In the face of strong criticism from Congress, Clyde Hart, acting chief of the Federal Motor Carrier Safety Administration, said the agency will be making significant changes in its proposed hours-of-service rules.

At a hearing yesterday by the House Ground Transportation Subcommittee, on the controversial proposal, Hart explained that the agency's goal is to write a rule that will improve safety with the least possible economic impact. He also said he does not expect the rule to be finished this year.
"We would rather do it right than do it quick," he told the committee.
Members of the panel have been inundated by complaints from truckers and other businesses that see the proposal as vastly expensive, impractical and a hindrance to safety, rather than an improvement. They took the opportunity of the hearing to lay their concerns before Hart, who responded that he has been hearing the same message directly from the industry. The agency is getting a thousand comments a day, he said.
"Given what we've heard, there will be some significant changes in the proposal," Hart said.
He acknowledged that the proposal does not give full weight to the economic impact of the changes. He also said that the prohibition on single drivers splitting their rest periods in the sleeper berth, while team drivers can split their rest, needs to be fixed. And the agency is considering a graduated commercial driver's license system in order to make it easier for truckers to find replacement drivers.

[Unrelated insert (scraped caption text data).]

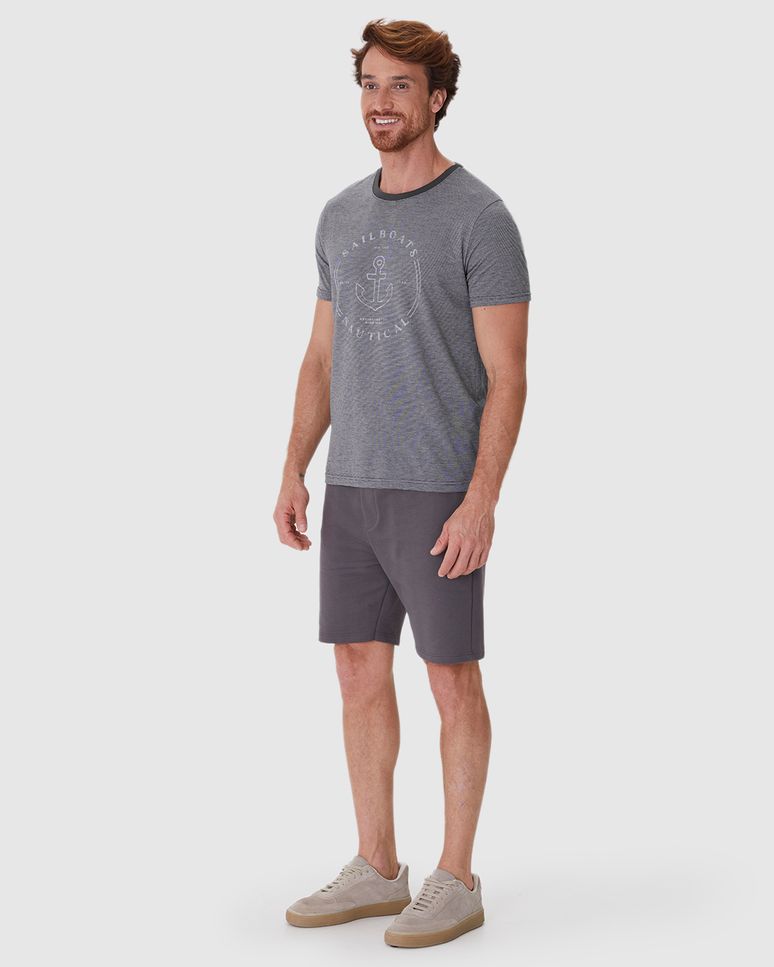 Camiseta Masculina Slim Sailboats Nautical Em Malha Fio A Fio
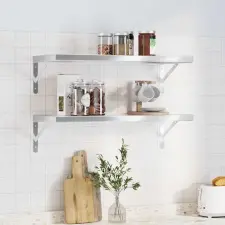  2 db ezüstszínű rozsdamentes acél fali polc 75 x 30 cm bútor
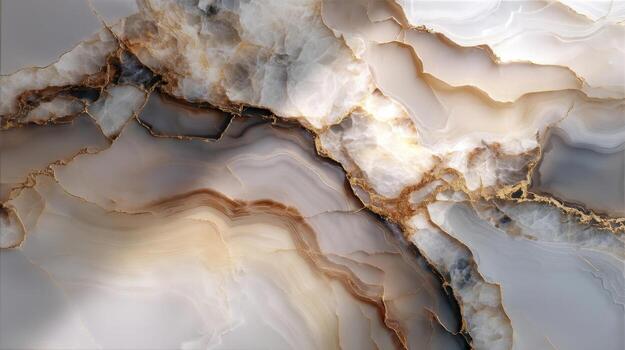 Polished onyx slab with golden veins and multi-layered translucent patterns, a luxurious natural stone for elegant interior design photo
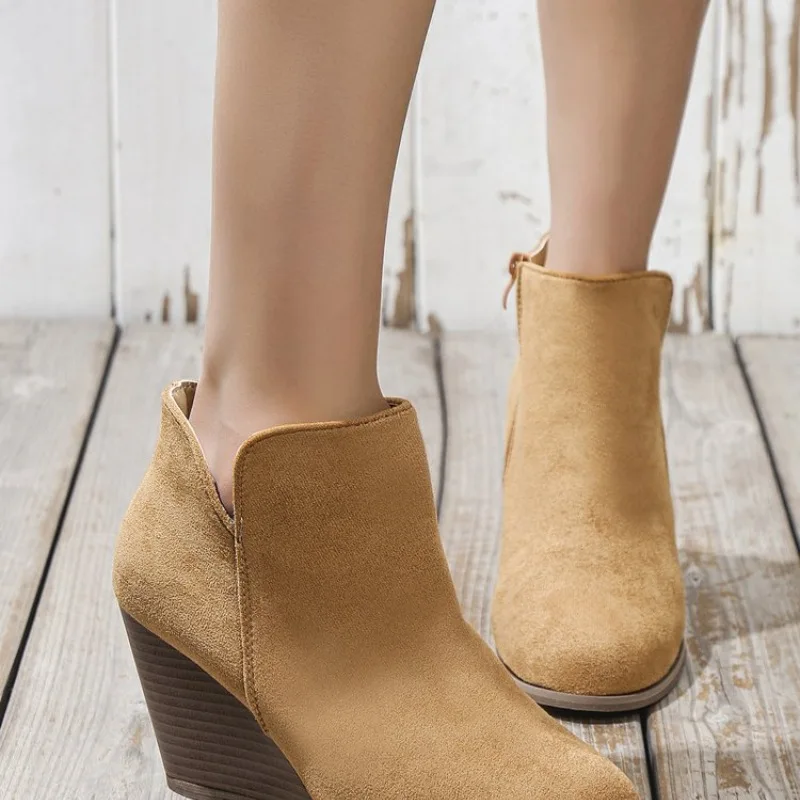 Lady Fashion Boots Wholesale Trending Shoes Ladies Women Winter Wear Shoe Block Heels Boots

The safety agency estimates that truckers would have to hire an additional 49,000 drivers to fill the service gaps created by a shorter work day under the rules. ATA says that number is off by half -— that truckers will need at least 100,000 more drivers.
Hart's expression of flexibility was accompanied by a message of resolve: The Department of Transportation strongly opposes a move in the Senate to force the safety agency to stop work on the proposal.
"FMCSA believes that if this moratorium is adopted, lives will be lost while we wait," he said.
The Senate appropriations bill that contains the moratorium is on its way to the House, where it must be reconciled with the House bill that does not contain that provision. So far, Rep. Frank Wolf, R-VA, is on record as vehemently opposed to the Senate provision. It was not clear at the House hearing whether Wolf will be joined by members of the Transportation panel.
Hart also reported that he has raised the idea of reopening a negotiated rulemaking, but that at least one interested party replied that it could not participate because it did not have the resources to go through that process. Several sources named that party as the liberal safety advocacy group Citizens for Reliable and Safe Highways.